__PROBLEM STATEMENT__. The line containing "Women's V-Neck Fine Jersey Tee Thumbnail" marks the start of the required copy, which runs to the final line of the entries; return those lines exactly, without any pictures.

__DATA UNDER STUDY__.
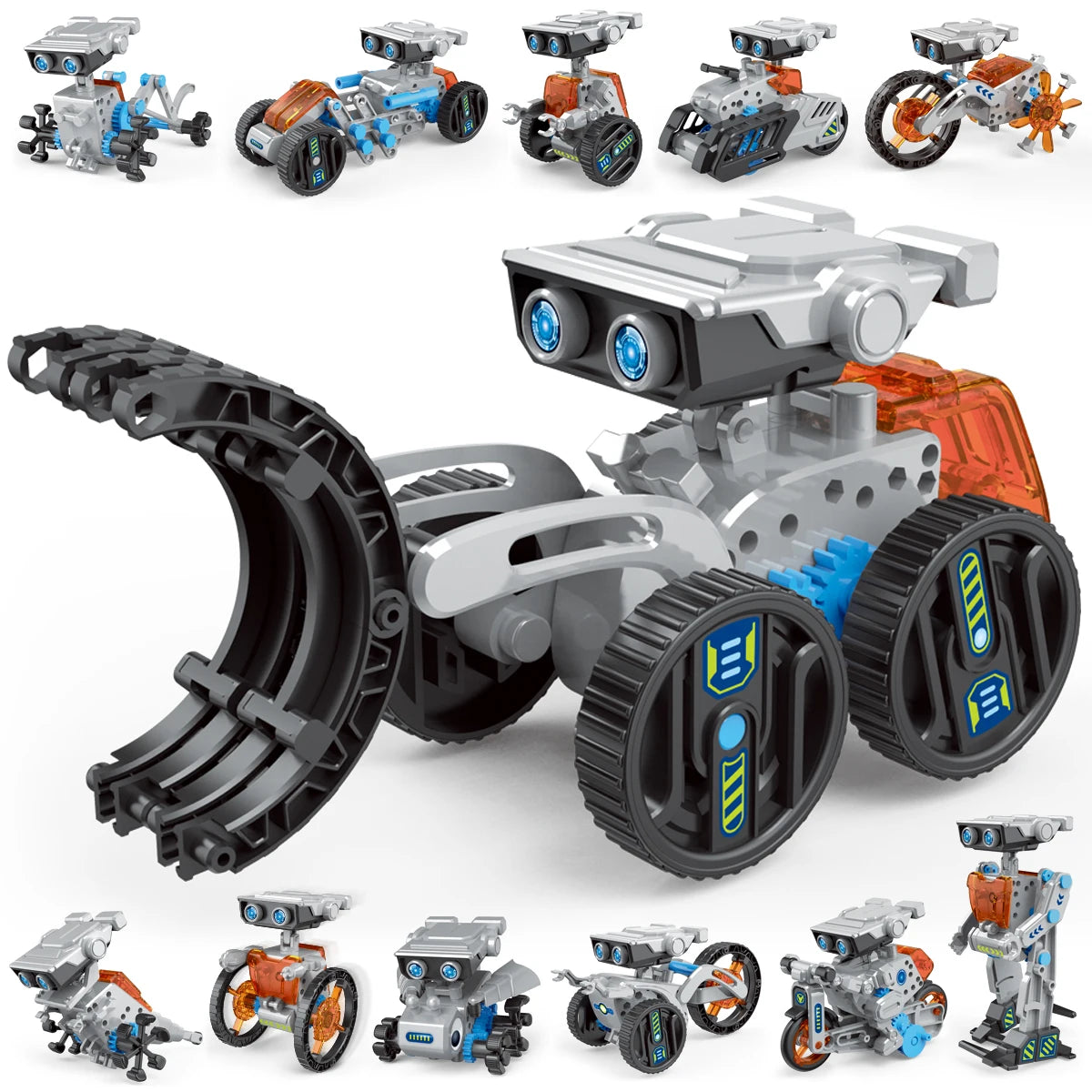 12-in-1 DIY Solar Robot Kit for Kids &ndash; STEM Educational Science and Engineering Toy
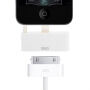 Redukcja / adapter 30pin złącze na lightning z audio 3,5 mm jack złączem dla iPhone 6 Plus / 6S Plus - biała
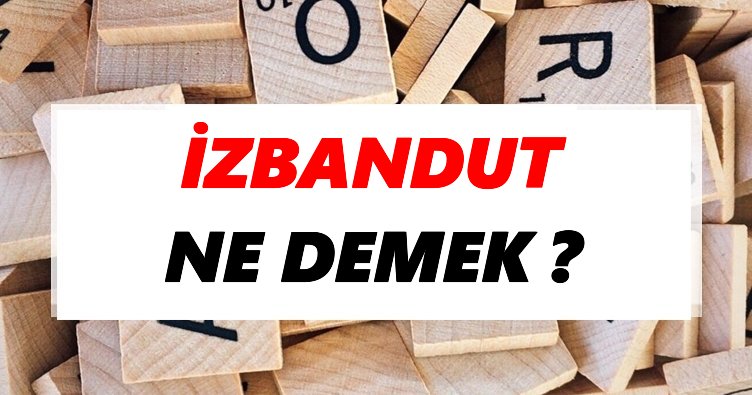 izbandut ne demek tdk ya gore izbandut sozluk anlami nedir tdk anlami haberleri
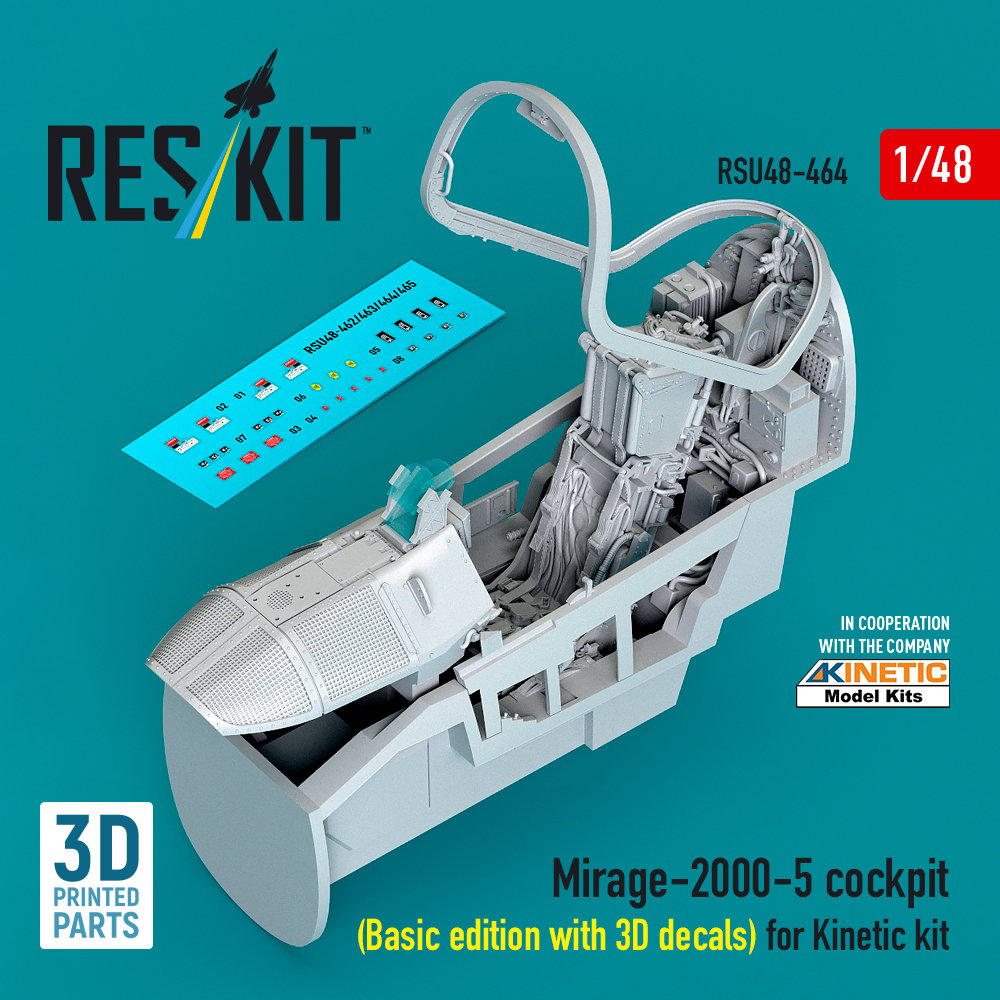 1/48 Mirage 2000-5 cockpit (Basic ed.w/ 3D) (KIN) 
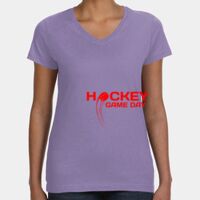 Women's V-Neck Fine Jersey Tee Thumbnail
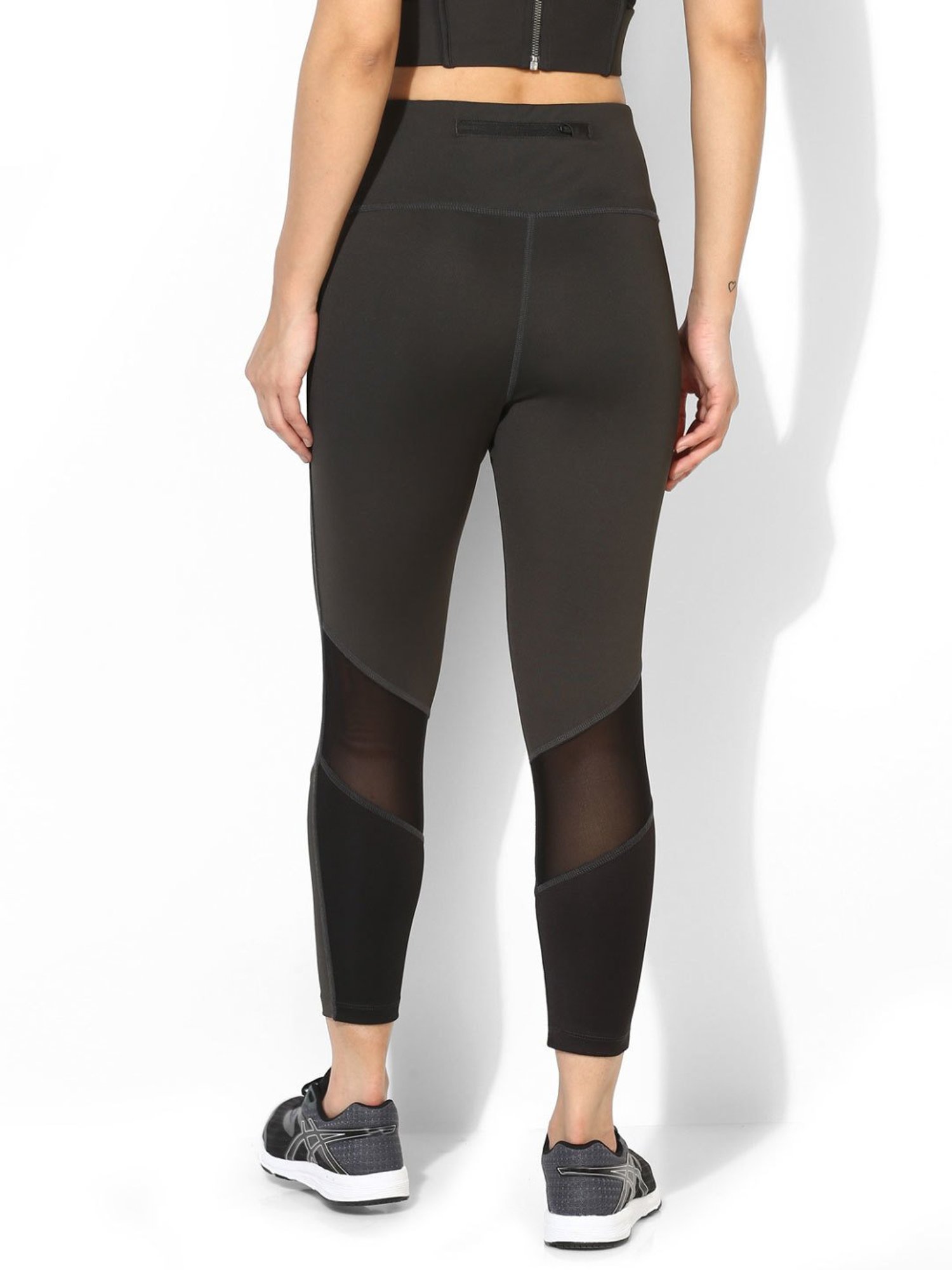 SILVERTRAQ Dark Grey Logo Print Leggings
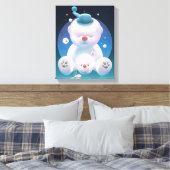 Bichon Ice Shaver Dreamland Canvas Afdruk (Insitu (Slaapkamer))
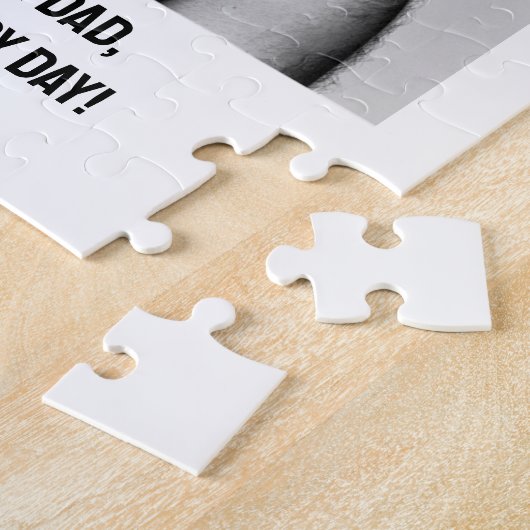 Sobriety Support Gift, Papa Hero Sober Custom Foto Legpuzzel (Zijkant)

__TASK SOLUTION__.
 Women's V-Neck Fine Jersey Tee Thumbnail
 SILVERTRAQ Dark Grey Logo Print Leggings
 Bichon Ice Shaver Dreamland Canvas Afdruk (Insitu (Slaapkamer))
 Sobriety Support Gift, Papa Hero Sober Custom Foto Legpuzzel (Zijkant)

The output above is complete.